Alright–let me preface this little rant by saying that I realise I was not put on this earth to judge and I try very, very hard not to be judgmental; and, generally speaking, I think I do a pretty damn good job of biting my tongue when it comes to commenting on the choices and tendencies of others.  Even when my friends are putting people down or passing judgment on them, I keep my mouth shut, because I know better than most that things are not always what they seem and all of us are human, and to comment on someone else’s life without knowing their full background, their private struggles, and their personal issues is really not something I feel it is okay to do.

That said, and I say this without any malice whatsoever, some people REALLY just evade my powers of understanding–case in point, the woman I am working with right now (yes I’m being naughty again and writing in my weblog from work!) who is probably the most obnoxious person I have ever met.  I referenced her in my first post–her name is Theresa, and ALL she talks about are material things and even the finances of other people!  It’s at times quite funny to me, but today, when I am hungover and had a very rough night, it is not funny, it is just annoying.

Let me add that she is terribly judgmental and I would not say this if that were not the case…

but homegirl is a HOT MESS my friends.  Firstly, she is the most ostentatious person I have ever met (and if you knew my background, you would understand what a bold statement that is.)  There are few things more important to me than “keeping it real”, and I suppose that is one of the main reasons why this woman grates on my nerves so awfully.  For one, I was raised to believe that it is the epitome of low-class and completely unacceptable to discuss someone’s financial situation in any capacity–it’s not something I would ever do, and if/when people around me do it, I become terribly uncomfortable–yet she takes no notice of my apparent discomfort I suppose, because she continues to make comments (and ask questions!!) of this nature.  In fact, “comments of this nature” are the ONLY comments she makes.  Apparently, her mother failed to teach her that having class means striving to make those around you feel comfortable.
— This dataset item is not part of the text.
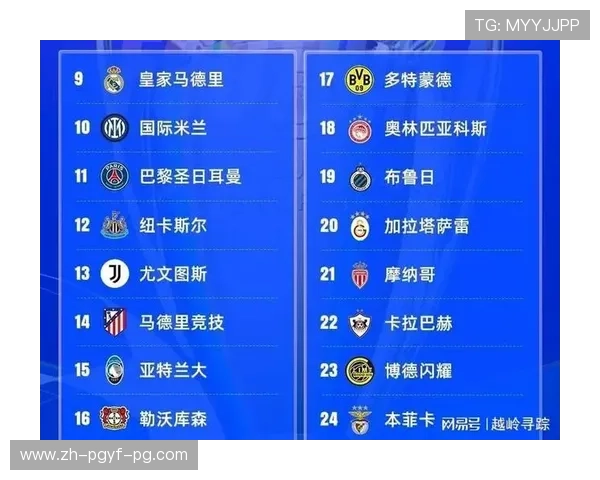 当前欧冠参赛的英超球队数量及晋级前景分析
Secondly, her mode of dress is beyond gauche and really offends my eyes.  I know that sounds terribly bitchy, but there is really no other way of putting it.  I mean, par example, diamonds are a girl’s best friend and all, and I have nothing against them, but she wears diamonds that are so large (I think her engagement ring is probably about 4-5 carats) that I would be embarrassed to wear them.

And I hate to “go there”, but I cannot understand how someone can be so ignorant and tragic with our country’s financial sector/economy being in such a state; not to mention the fact that there are much, much more worthy things to spend money on than material goods.  How about starving children?  I know that sounds kind of cliché, but there are people starving all over the world and a  rather small amount of American dollars could help a number of them.  Or for those who are not into international charity, there are many things that could be done in the United States–how about donating to one’s alma mater?  It seems as though one’s karma would be well-served to celebrate the success a university prepared them for by providing an endowed scholarship so a student can have that same chance, or building a new library so students can be that much more prepared for future success.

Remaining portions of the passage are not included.